The Dow Jones industrial average fell 95.28, or 0.9 percent, to 11,092. The S&P 500 index was down 8.95, or 0.8 percent, to 1,189.40. The Nasdaq composite index fell 8.56, or 0.3 percent, to 2,534.56.

"Until there's final resolution of both Spain and Portugal investors will continue to be fearful," said John O'Donoghue, co-head of equities at Cowen & Co.

The 16-nation euro fell to $1.3244 in midday trading Friday from $1.3368 late Thursday, earlier dipping below $1.32 for the first time since Sept. 21. The Euro Stoxx 50, which tracks the shares of blue chip companies in countries that use the euro, slipped 0.7 percent.

Preliminary volume on the New York Stock Exchange of 428 million was about half of the usual volume as trading desks were thinly staffed on the day after Thanksgiving. Falling shares outpaced rising ones by two to one on the New York Stock Exchange. U.S. stock markets closed at 1 p.m. EST Friday instead of the usual 4 p.m. Markets were closed on Thursday for the holiday.
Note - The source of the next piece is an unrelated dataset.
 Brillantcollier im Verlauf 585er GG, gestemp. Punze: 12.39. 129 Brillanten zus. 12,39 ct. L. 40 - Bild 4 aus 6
Friday also marks the unofficial start of the holiday shopping season. Black Friday, a crucial event for retailers, was off to a strong start, according to early reports.
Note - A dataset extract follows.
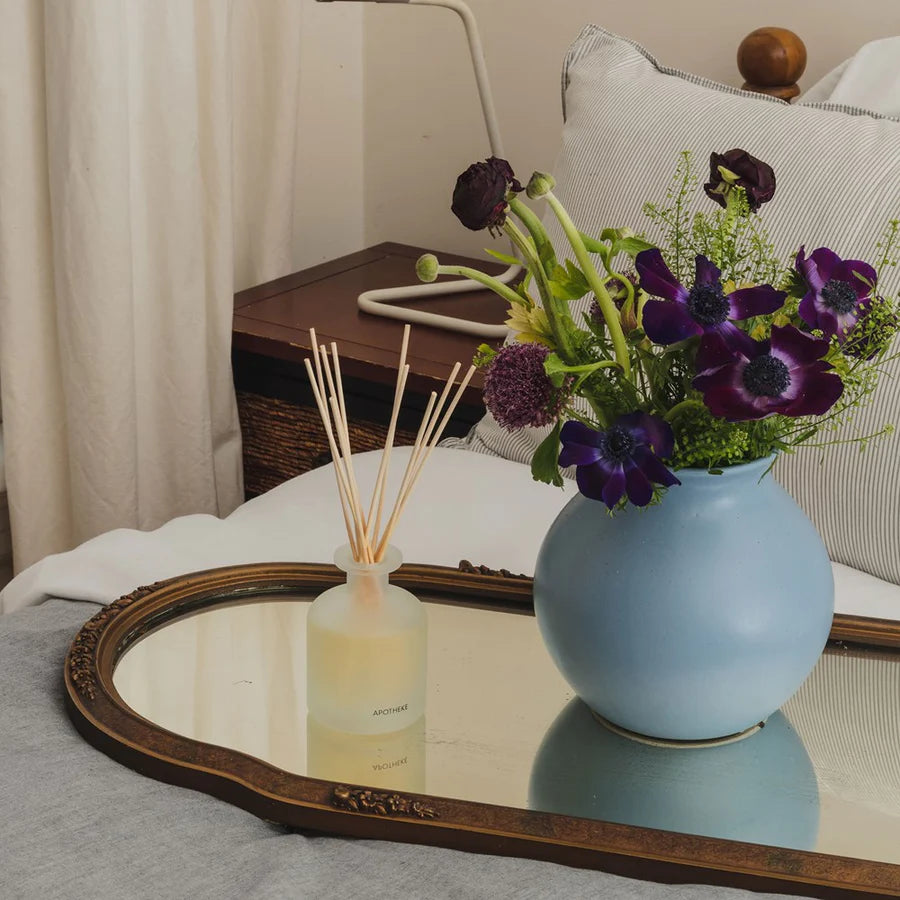 Apotheke Apricot Red Currant Reed Diffuser - Thumbnail 3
Many stores pushed more exclusive deals online on Thursday in a bid to rope in shoppers before Black Friday. It apparently worked. According to IBM's Coremetrics, online sales soared 33 percent on the holiday compared with Thanksgiving 2009.

Sales during the Thanksgiving weekend made up 12.3 percent of all holiday revenue last year, according to research firm ShopperTrak. Black Friday accounted for half of that.

Macy's Inc. shares were up 11 cents to $26.

It was the end of a rollercoaster week. Stocks fell on Tuesday after North Korea's shelling, but surged on Wednesday after a batch of economic reports buoyed hopes that the U.S. economic recovery was gaining strength. The reports showed that Americans' income rose and consumer spending climbed in October. And fewer people filed first-time claims for unemployment benefits last week.

Overall, stocks ended the week mixed. The Dow ended 112 points lower, and the Standard & Poor's 500 index lost 10. However, the technology-heavy Nasdaq composite index gained 17 points for the week.